_What the exercise asks_. Make an exact copy of the records below, leaving every image out.

_Data listing_.
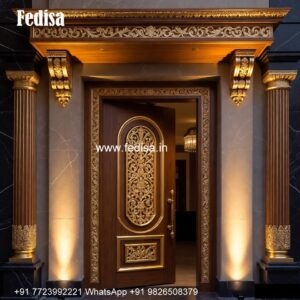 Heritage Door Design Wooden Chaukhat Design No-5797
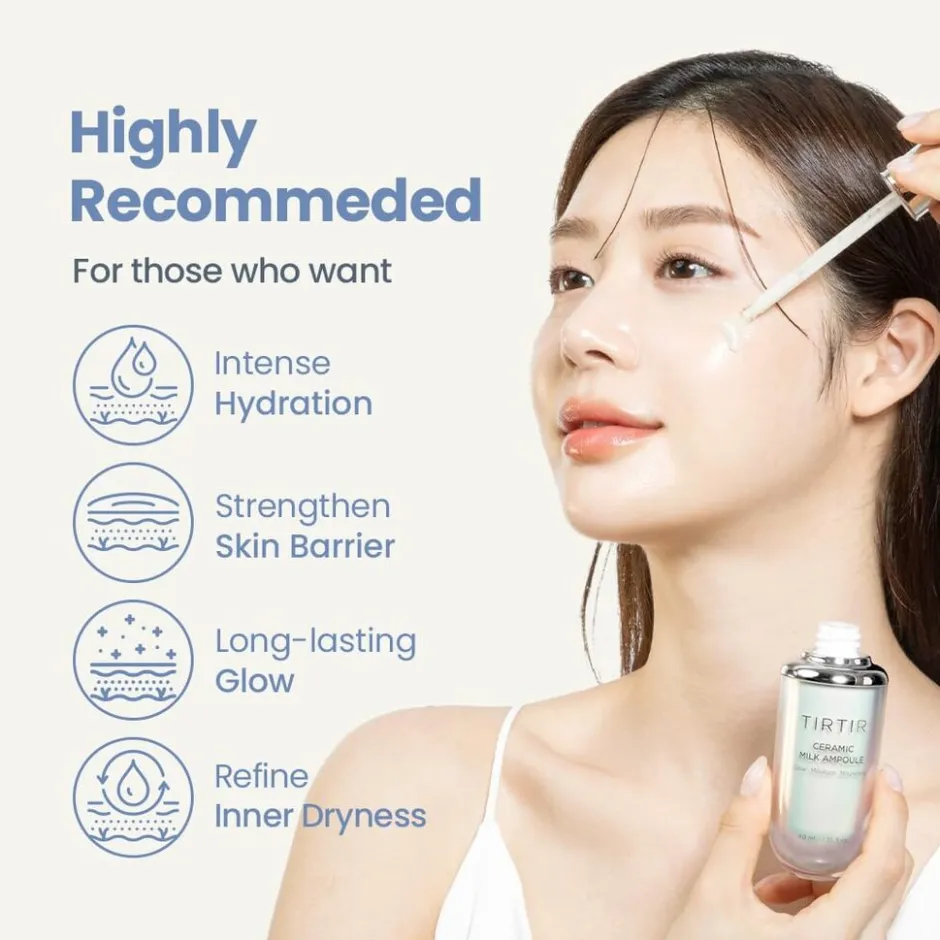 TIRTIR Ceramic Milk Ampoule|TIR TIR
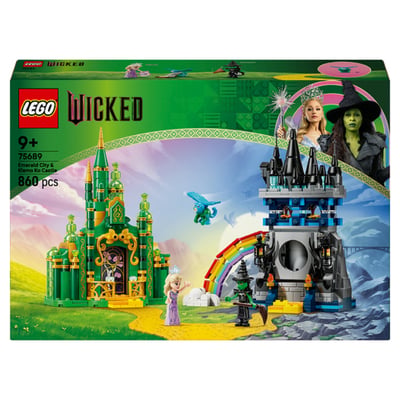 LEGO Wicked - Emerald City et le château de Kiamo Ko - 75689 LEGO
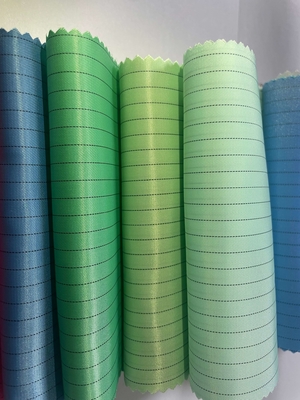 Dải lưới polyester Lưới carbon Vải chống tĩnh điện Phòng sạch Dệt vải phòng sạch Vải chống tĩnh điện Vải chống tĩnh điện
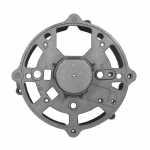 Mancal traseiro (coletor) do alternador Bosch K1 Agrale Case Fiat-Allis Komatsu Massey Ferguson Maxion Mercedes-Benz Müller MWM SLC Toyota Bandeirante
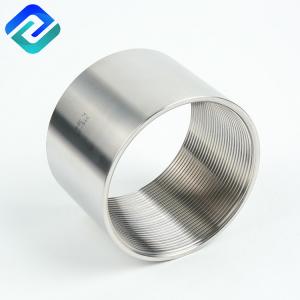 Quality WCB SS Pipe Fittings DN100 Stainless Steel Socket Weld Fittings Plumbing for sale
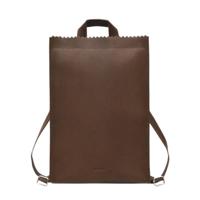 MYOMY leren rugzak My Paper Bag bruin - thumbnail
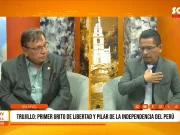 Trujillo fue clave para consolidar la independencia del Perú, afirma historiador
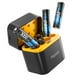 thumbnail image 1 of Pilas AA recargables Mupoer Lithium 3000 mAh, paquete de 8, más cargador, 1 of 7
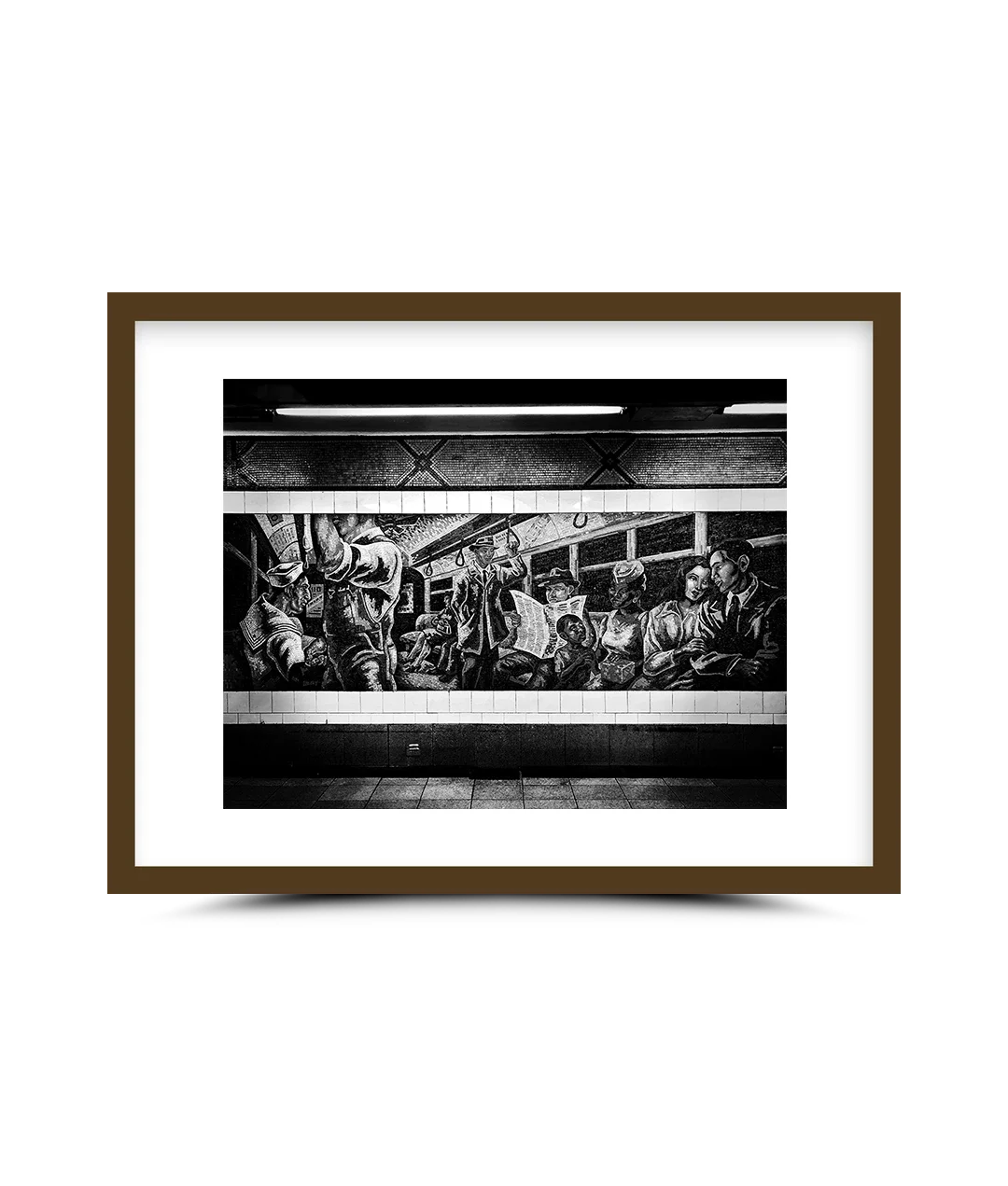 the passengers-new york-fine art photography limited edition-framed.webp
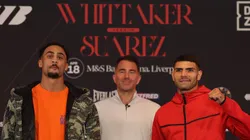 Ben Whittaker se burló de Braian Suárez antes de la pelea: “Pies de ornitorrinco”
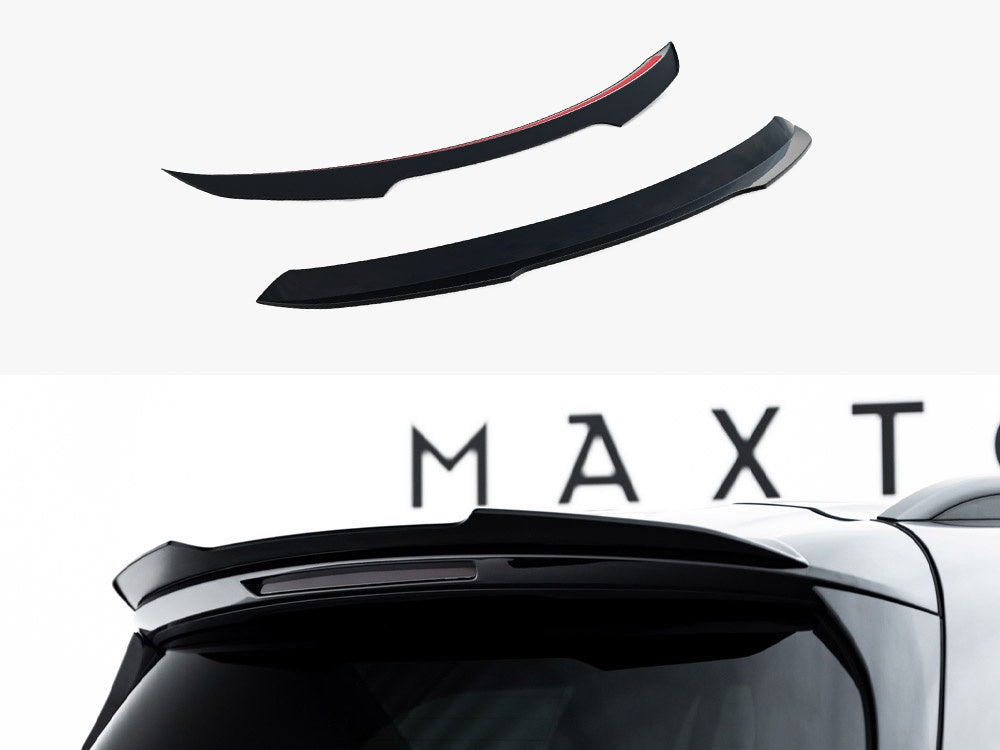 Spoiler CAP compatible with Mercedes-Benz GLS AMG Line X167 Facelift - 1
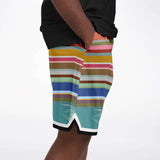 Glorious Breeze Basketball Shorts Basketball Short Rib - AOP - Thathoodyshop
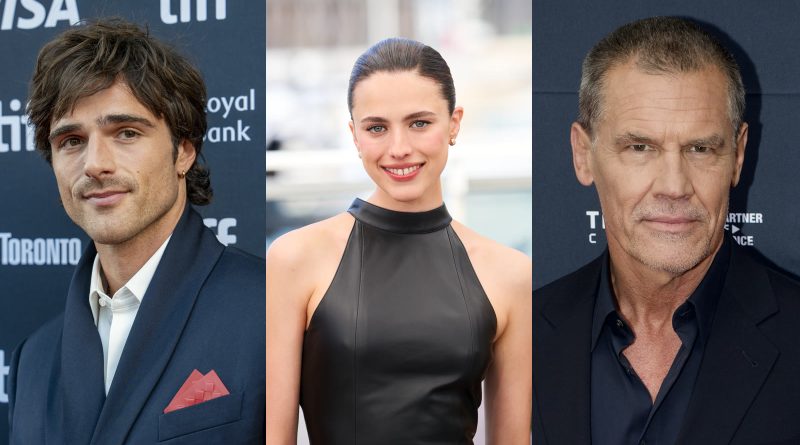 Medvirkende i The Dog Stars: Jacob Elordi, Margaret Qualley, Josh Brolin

_Output of the task_.
 Heritage Door Design Wooden Chaukhat Design No-5797
 TIRTIR Ceramic Milk Ampoule|TIR TIR
 LEGO Wicked - Emerald City et le château de Kiamo Ko - 75689 LEGO
 Dải lưới polyester Lưới carbon Vải chống tĩnh điện Phòng sạch Dệt vải phòng sạch Vải chống tĩnh điện Vải chống tĩnh điện
 Mancal traseiro (coletor) do alternador Bosch K1 Agrale Case Fiat-Allis Komatsu Massey Ferguson Maxion Mercedes-Benz Müller MWM SLC Toyota Bandeirante
 Quality WCB SS Pipe Fittings DN100 Stainless Steel Socket Weld Fittings Plumbing for sale
 MYOMY leren rugzak My Paper Bag bruin - thumbnail
 Trujillo fue clave para consolidar la independencia del Perú, afirma historiador
 thumbnail image 1 of Pilas AA recargables Mupoer Lithium 3000 mAh, paquete de 8, más cargador, 1 of 7
 the passengers-new york-fine art photography limited edition-framed.webp
 Ben Whittaker se burló de Braian Suárez antes de la pelea: “Pies de ornitorrinco”
 Spoiler CAP compatible with Mercedes-Benz GLS AMG Line X167 Facelift - 1
 Glorious Breeze Basketball Shorts Basketball Short Rib - AOP - Thathoodyshop
 Medvirkende i The Dog Stars: Jacob Elordi, Margaret Qualley, Josh Brolin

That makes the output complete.